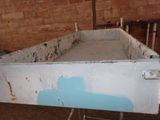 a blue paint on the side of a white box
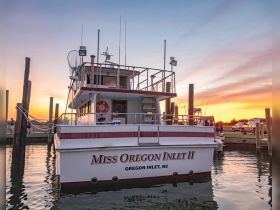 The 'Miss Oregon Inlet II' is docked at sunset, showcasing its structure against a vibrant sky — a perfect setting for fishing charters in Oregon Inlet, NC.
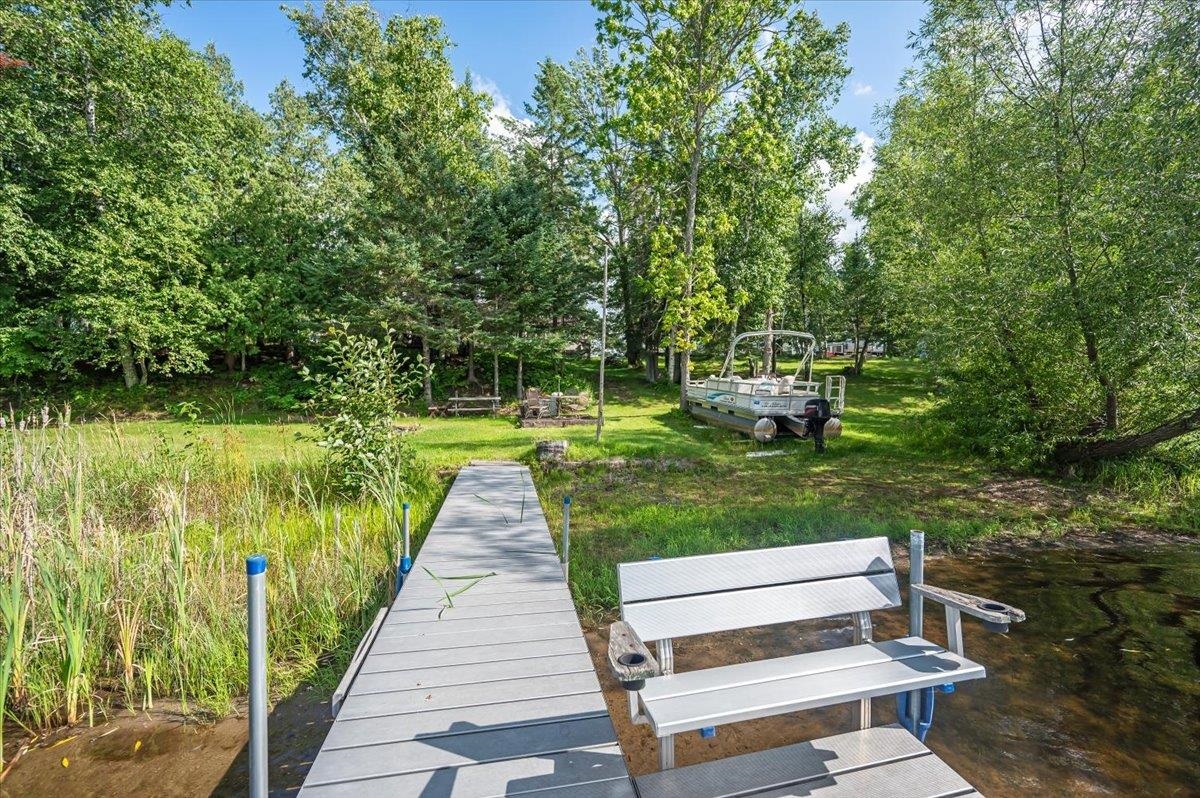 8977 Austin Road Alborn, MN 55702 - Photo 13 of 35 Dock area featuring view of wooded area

Problem description: Would you set down the material exactly as it stands, without the pictures?

Task solution:
 a blue paint on the side of a white box
 The 'Miss Oregon Inlet II' is docked at sunset, showcasing its structure against a vibrant sky — a perfect setting for fishing charters in Oregon Inlet, NC.
 8977 Austin Road Alborn, MN 55702 - Photo 13 of 35 Dock area featuring view of wooded area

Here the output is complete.